I am here for Dating, Serious Relationships and Friends

About Me

A radically contingent man, Steve Heikkila was thrown into the world with no predetermined telos or vocation. Since that time he's proven to be more or less sui generis (with astoundingly mixed results).Fun factoid: An exceedingly extraordinary creature, Steve Heikkila is so focused, so capable of intense concentration, that he can actually melt people with his vision. Consequently it behooves people to be very nice to Steve Heikkila.

My Interests

I'd like to meet:

Jeff. Bill. Linda. That guy with the shirt. Sexy Irene. Stinky McGee. Lefty the Northpaw. Shatner. Your sister. My Maker. The Beatles. A man laying bricks. The caustic witted H. Pylori. A cigarette that isn't made very well. The ghost of Houdini. A woman with a wooden leg. My inner child. That guy from Green Acres--you know, the one with the pig.

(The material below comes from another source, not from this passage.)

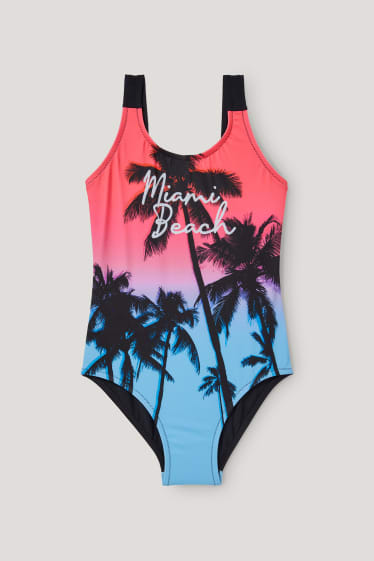 Bambine: - Costume da bagno - LYCRA® XTRA LIFE™ - nero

The most beautiful girl in the world. Sammy Two-Ducks. The Military-Industrial Duplex. Dexter Methorphan. Prurient Penelope. You. Big pisser Norman the continent. Leutenant Fancy Pants. A man I didn't like (aka Will Rodgers). Chastity challenged Doris. My destiny. A muffler that doesn't cost very much. A cold remedy that doesn't make me sleepy. A fancy goat. Heather Locklear. Ted the goat fancier.